OKUL -12 derece

32 15 0
                                    

Odanın tamamı bir lise öğrencisinin zevkine göre tasarlanmıştı. İçinde bulunduğum çete bundan memnundu çünkü daha az dikkat çekmiş olacaktım. Yani daha doğrusu eve her hangi birini getirme ihtimaline karşı normal bir lise öğrencisi olduğum daha kolay anlaşılacaktı. Anlarsınız işte, ergenlik tripleri, depresyonlar ve bolca dedikodu.  Özellikle de kendini havalı hissetmek için tamamen kendine özgü dekorasyonlar, posterler ve de bol bol makyaj.

Bunlardan rahatsız olan tek kişi bendim sanırım. Yatağın üstündeki duvarda posterler yer alıyordu. Ama hepsi de ilgi alanımın dışında olan fotoğraflardı. Posterlere dikkat kesilince bir kısmının hatta büyük bir kısmının rock müzik ile ilgili olduğu ve geri kalanı ise korku, gerilim kitaplarıyla ilgili olduğunu farkettim. Kaşlarımı çattım. Bunlar hiç de ergen bir kızın ilgi alanına giren türden posterler değildi. Hatta hiç bir kızın odasına böyle şeyler asacağına inanmıyordum.

Gri duvarın üzerinde neon ışıklarıyla kanlı bir palyaço görünce şaşkınlığa uğradım. Bu doğru mu?

Gerçekten de ağzı yırtık bir palyaçoyu hangi kız odasında isterdi ki?

Tamam, kabul etmeliydim ki bu tam da benim zevkime göreydi ama şımarık bir lise öğrencisinin odasında böyle bir şey beklemek aptallık olurdu. Odaya şöyle bir bakınca, makyaj malzemelerinin bile normal bir kıza göre az sayıda olduğu ve genelinin koyu renkte makyajlar olduğunu farkettim. Bana göre fazla makyaj ürünü bulunuyordu ve açıkçası renkleri hoşuma gitmişti.

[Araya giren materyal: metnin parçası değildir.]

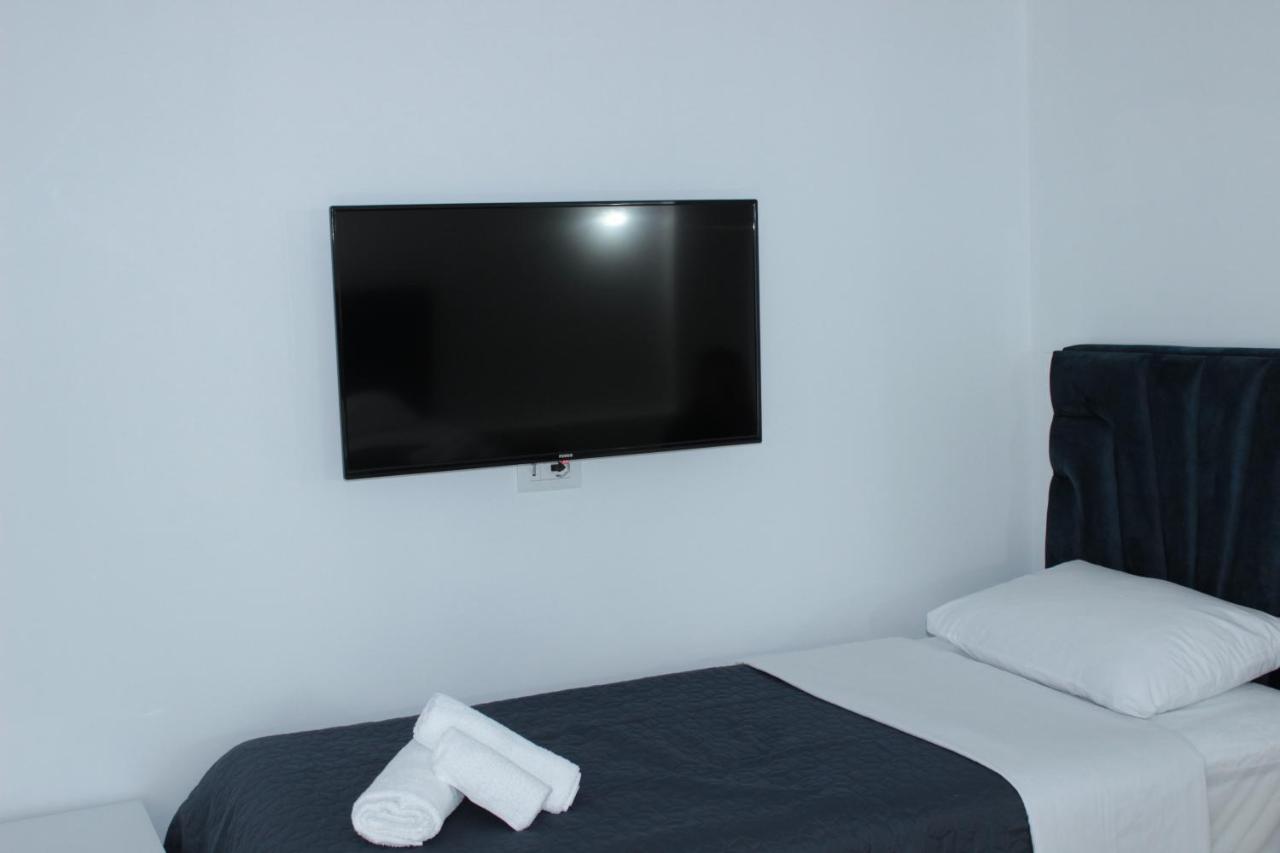 Elite Hotel Sarande Exterior photo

Dolabım siyahtı ve üzerinde mor renkte desenler bulunuyordu. Sanırım ben daha çok kendinden emin ve belalı bir lise öğrencisi konumundaydım. Hani şu her zaman koyu renkleri tercih eden gizemli kızlar olur ya. Büyük ihtimal bana verilen karakter buydu. Belli ki bu karakter üzerinde davranacaktım, ki zaten genellikle de böyle yaşıyordum. Asıl karakterim buna yatkın olduğu için zorlanacağımı sanmıyordum. 

Sadece artık ergen değildim ve siyahı havalı olmak için kullanmıyorum.

Dolabın kapağını açtığımda karşılaştığım görüntüye hiç de şaşırmamıştım. Bir lise öğrencisinin, daha doğrusu bir ergen kızın tarzında hazırlanmış mini etekler, koyu renk mini elbiseler ve en nefret ettiğim ve hayatımda bir kere bile denemediğim ( korktuğum)  topuklu ayakkabılar. Yutkundum ve elbiselerin arasında okula dair her hangi bir şey aradım. Bunlar da haliyle üzerinde okulun armasını taşıyan  formalardı. Her ne kadar okul bela kaynağı olsa da sonuç olarak bir liseye gidecektim ve her lisede olduğu gibi bu lisenin de kendine ait forması olmalıydı.

Ve evet, o etekleri asla giymeyeceğim.

Okul forması yoktu.

Odadan çıktım ve Kira'ya seslendim.

Salona girdiğimde Kira ve Batuhan'ın çoktan hazırlandıklarını ve aslında beni beklediklerini gördüm.

Batuhan, üzerimdekileri göstererek : "bunlarla mı okula gideceksin?"

Derin bir nefes alarak: "hayır. Formaları bulamıyorum?"

Kira, rahat bir tavırla: "normal. Çünkü forma yok."

Ona anlamayan gözlerle bakarak: "ne demek forma yok? Gideceğimiz yer bir üniversite değil biliyorsunuz. Lisenin kendine ait formaları yok mu yani?"

Kira: "olsa bile öğrencilerin buna uyacağını düşündün mü gerçekten?"

Batuhan, bizi umursamadan koltuğa oturarak filmi izlemeye devam etti. İkisi de yeni halimi umursamıyorlardı. Aslında bunu gayet normal karşılıyorum çünkü üçümüz de bir amaç için buradaydık ve ilgilendiğimiz tek şey görevin başarılı ilerlemesiydi.   Belli ki bu ilk seferleri değildi. Çünkü şaşırmak istedikleri tek şey Çete'nin çöküşüydü.